3. Implementing the Reverse Proxy (The Glue)
This is the most crucial step. We will use Nginx as the reverse proxy because it excels at efficiently handling static file serving while proxying dynamic API requests to PHP-FPM.
You need to configure Nginx to listen on port 80/443 and route traffic:
- Requests for the root path (e.g.,
/) should be served by the Vue application's static files. - Requests to API endpoints (e.g.,
/api/*) should be securely forwarded to the Laravel application running on a different internal port.
Here is a conceptual example of an Nginx configuration block:
server {
listen 80;
server_name yourdomain.com;
# 1. Serve static frontend assets (Vue.js)
root /var/www/html/public; # Directory where Vue build files are located
index index.html;
location / {
try_files $uri $uri/ /index.html; # Handles SPA routing for Vue
}
# 2. Proxy API requests to the Laravel backend
location /api/ {
proxy_pass http://127.0.0.1:8000; # Forward requests to Laravel running on port 8000 (or whatever your PHP-FPM setup uses)

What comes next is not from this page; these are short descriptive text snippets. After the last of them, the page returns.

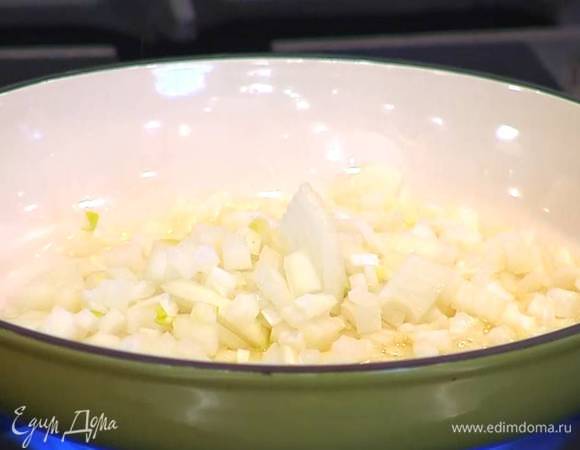 Разогреть в сковороде оливковое и сливочное масло и обжарить измельченный лук.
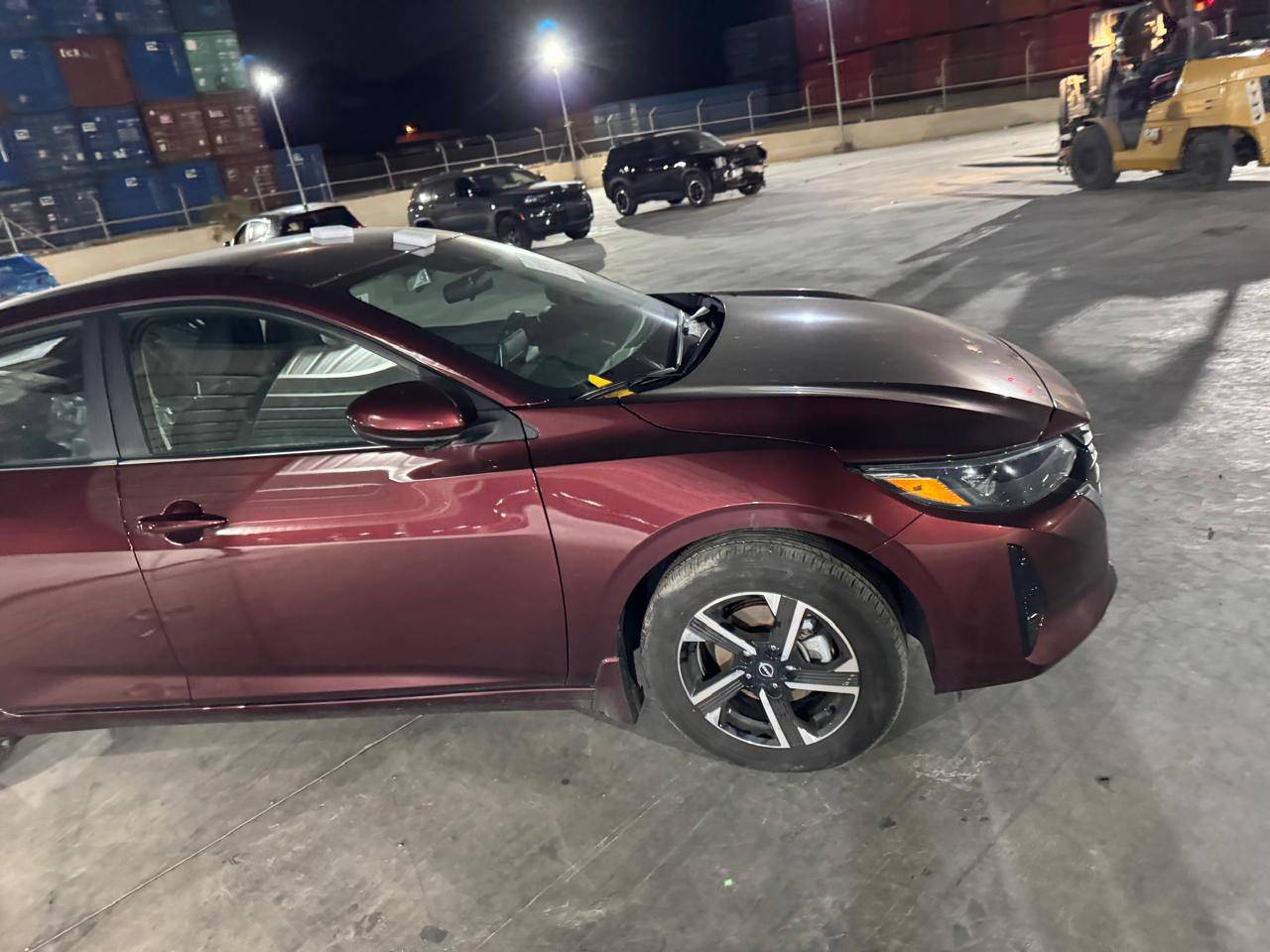 سيارة نيسان سنترا موديل ٢٤لون كرزي كلين ماشية ١٠٠٠٠الف ميل وارد امريكي محرك ٢٠٠٠كير اوتوماتيكي للاتصال ومعرفة السعر ***********مواصفات SV تشغيل عن بعد
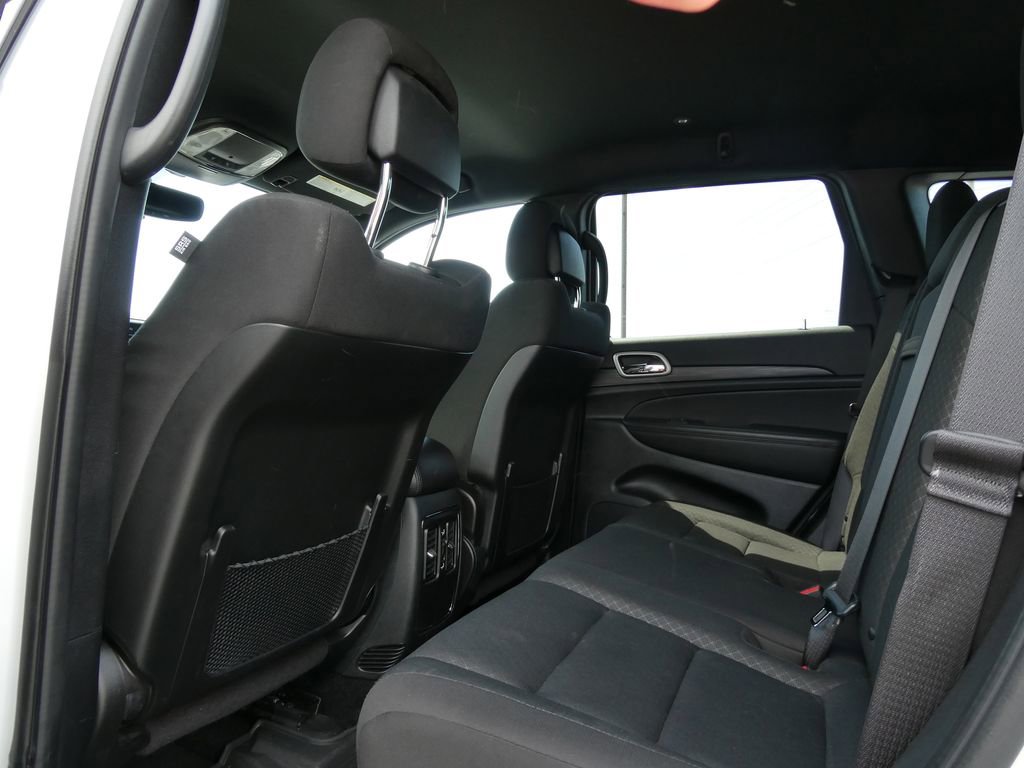 Used 2022 Jeep Grand Cherokee Laredo E AWD/4WD image 18
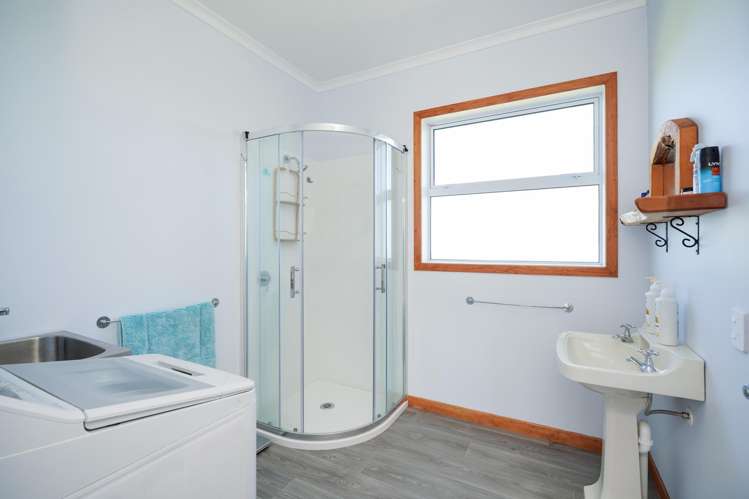 1602-1610 Tokanui Gorge Hwy Fortrose_10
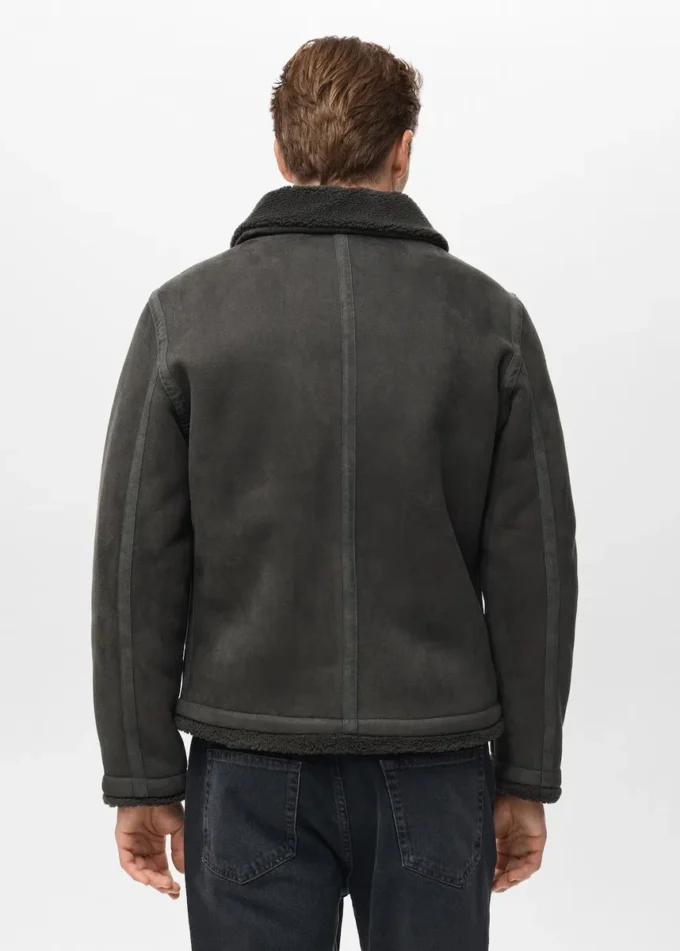 Doppelseitige Jacke mit Details aus Schaffell Doppelseitige Jacke mit Details aus Schaffell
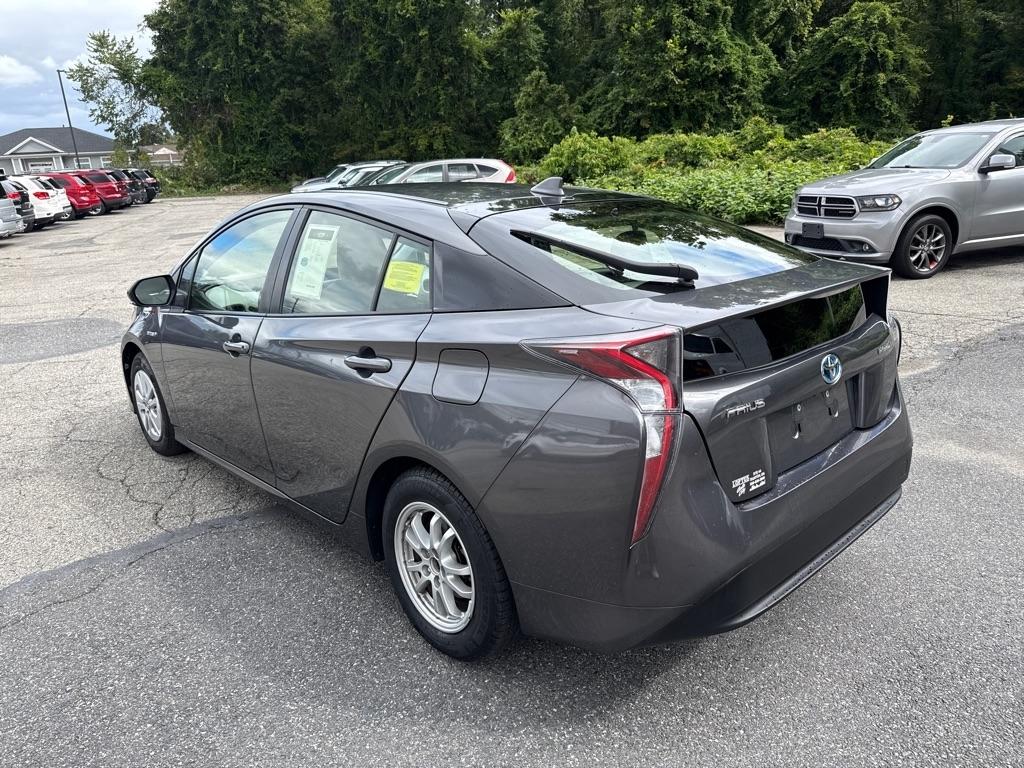 Toyota Prius Two 4D Hatchback 2017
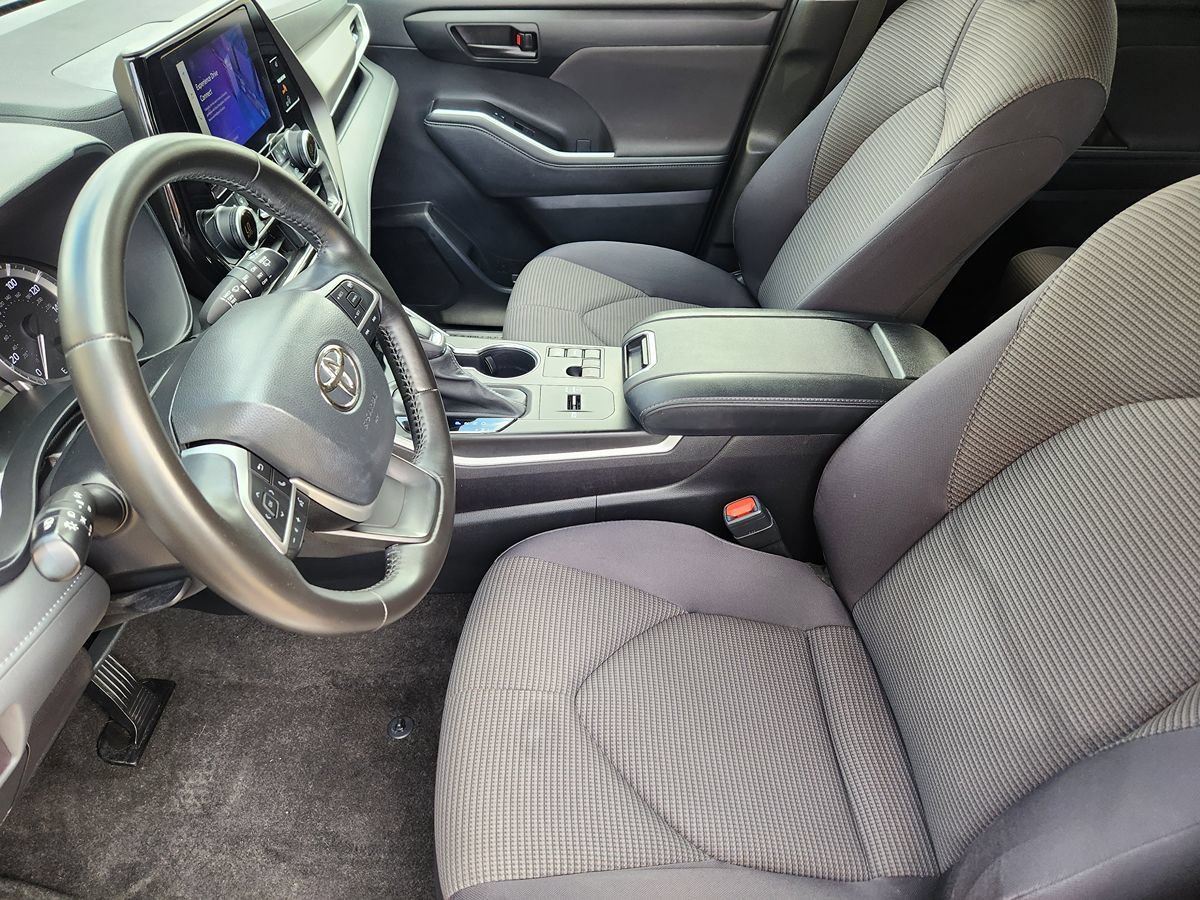 Used 2023 Toyota Highlander LE FWD image 31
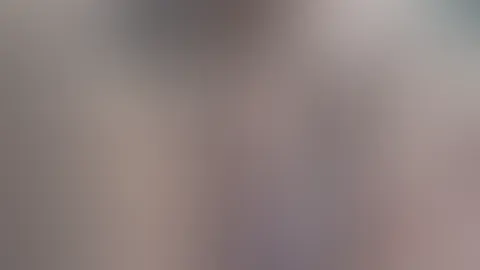 Hier ist sie … die ganze Version 😈🔥 Ohne Zensur, ohne Zurückhalten – nur ich, meine Lust und ganz viel Nähe 💋 Wenn dir der Vorgeschmack gefallen hat, wirst du das Video lieben … Mehr davon? Dann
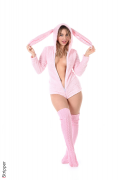 Kirke - Bashful Pink Bunny - 1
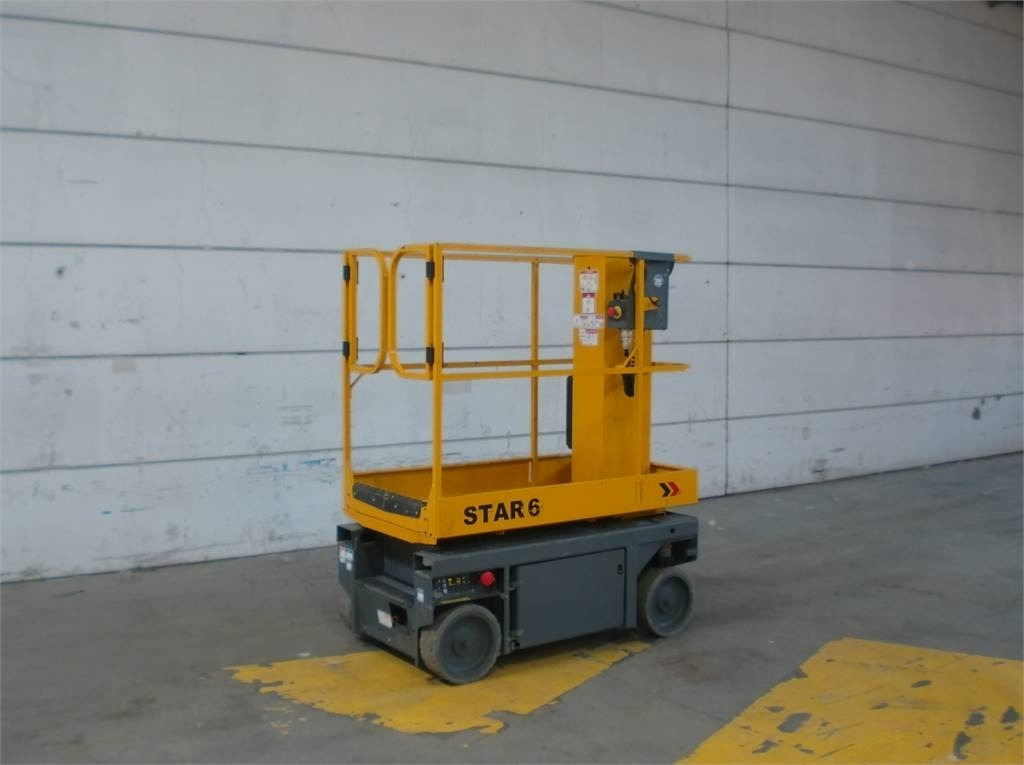 Haulotte STAR 6 - Vertical mast lift: picture 3 Haulotte STAR 6 - Vertical mast lift: picture 3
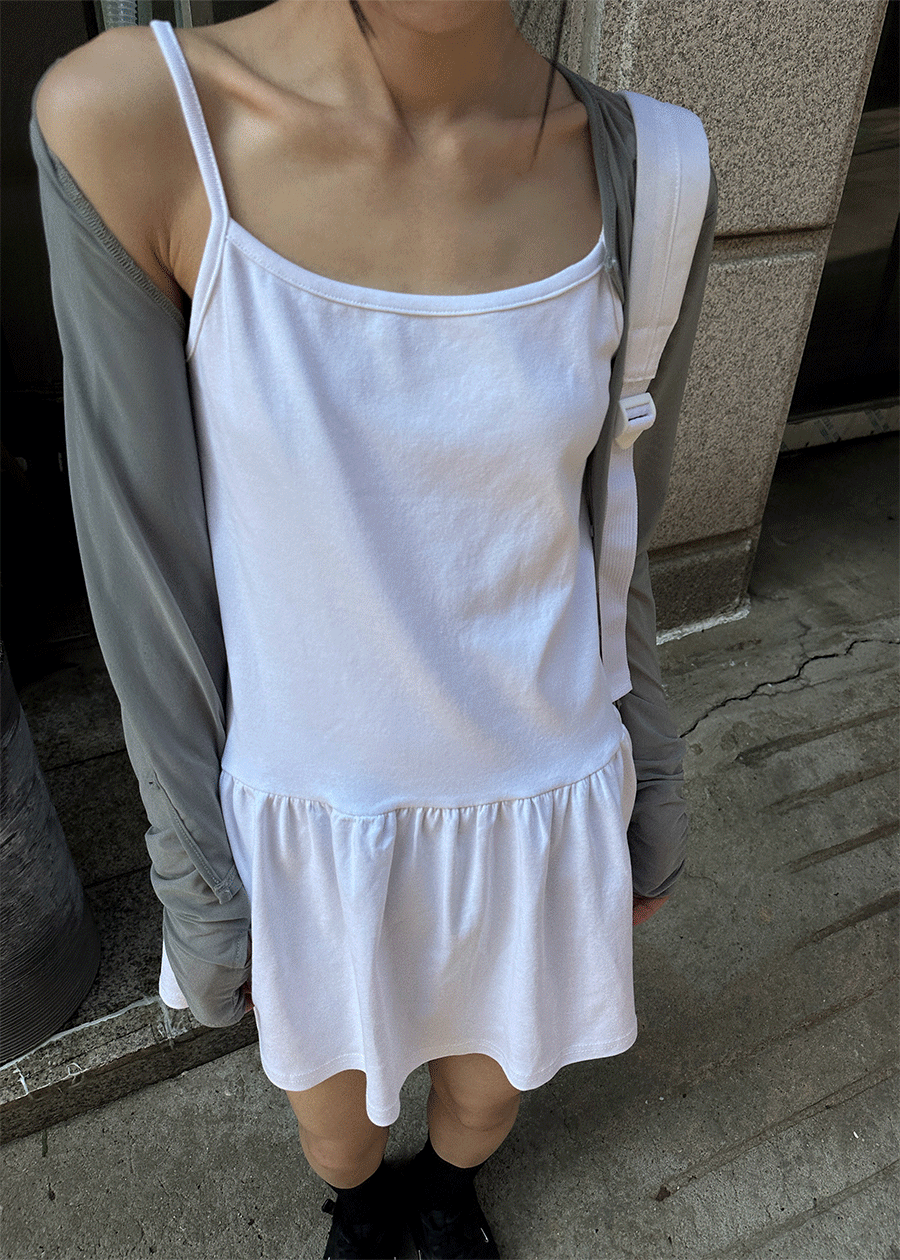 FRILL SLEEVELESS OPS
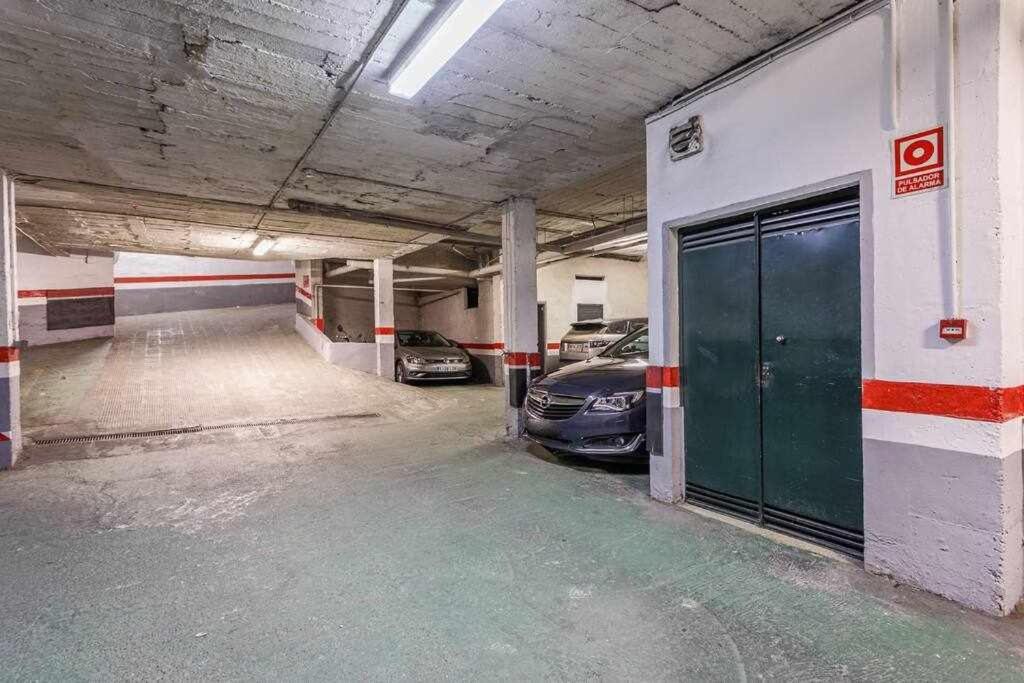 Appartamento Santa Cruz Parking Incluido Siviglia Esterno foto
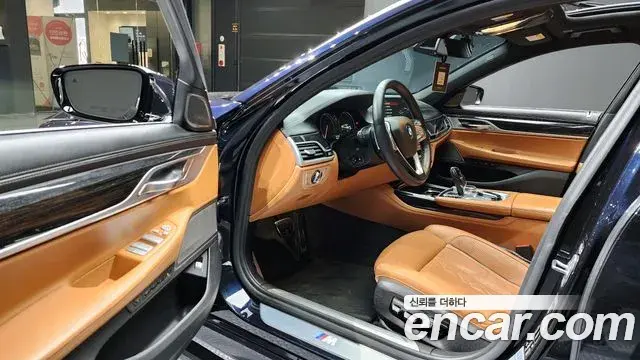 BMW 7 Series 2018 — Photo 10/19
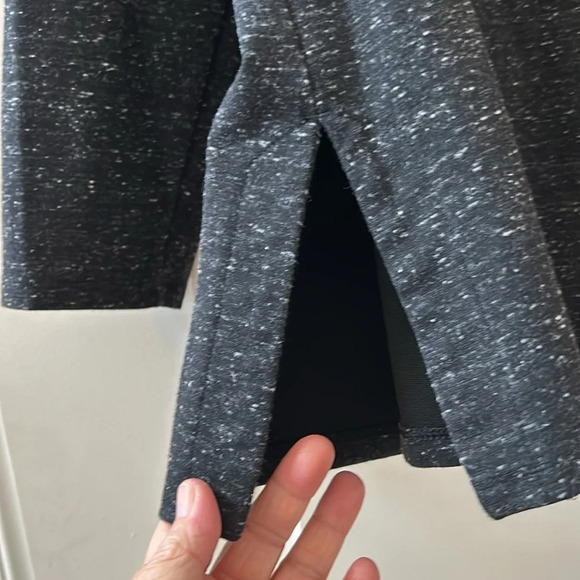 J Jill Wearever Collection heathered grey v neck tunic top. Large petite. - Picture 3 of 8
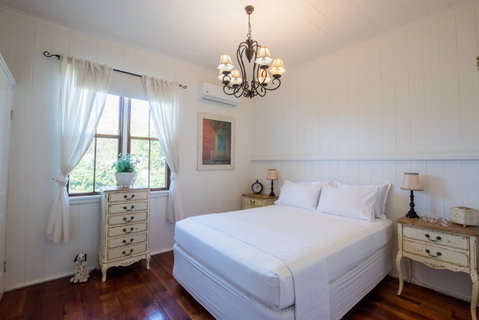Curious Cottages - Accommodation Mermaid Beach 7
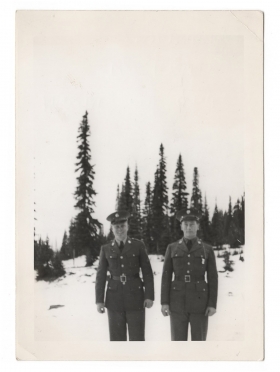 <h5>Soldiers</h5><p>Unidentified soldiers. Provided by the family of Ivo Schommer.</p>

proxy_set_header Host $host;
proxy_set_header X-Real-IP $remote_addr;
proxy_set_header X-Forwarded-For $proxy_add_x_forwarded_for;
}
}
Conclusion: A Unified Production Environment
By implementing a reverse proxy, you achieve a clean separation of concerns while maintaining a single entry point for the user. The frontend serves the initial HTML shell and all its necessary assets, while the backend API is safely handled by Laravel behind the scenes. This setup is not only more secure but also far more scalable and maintainable than trying to manage two completely separate web servers. Mastering this pattern is essential for deploying modern, decoupled applications efficiently on any hosting environment.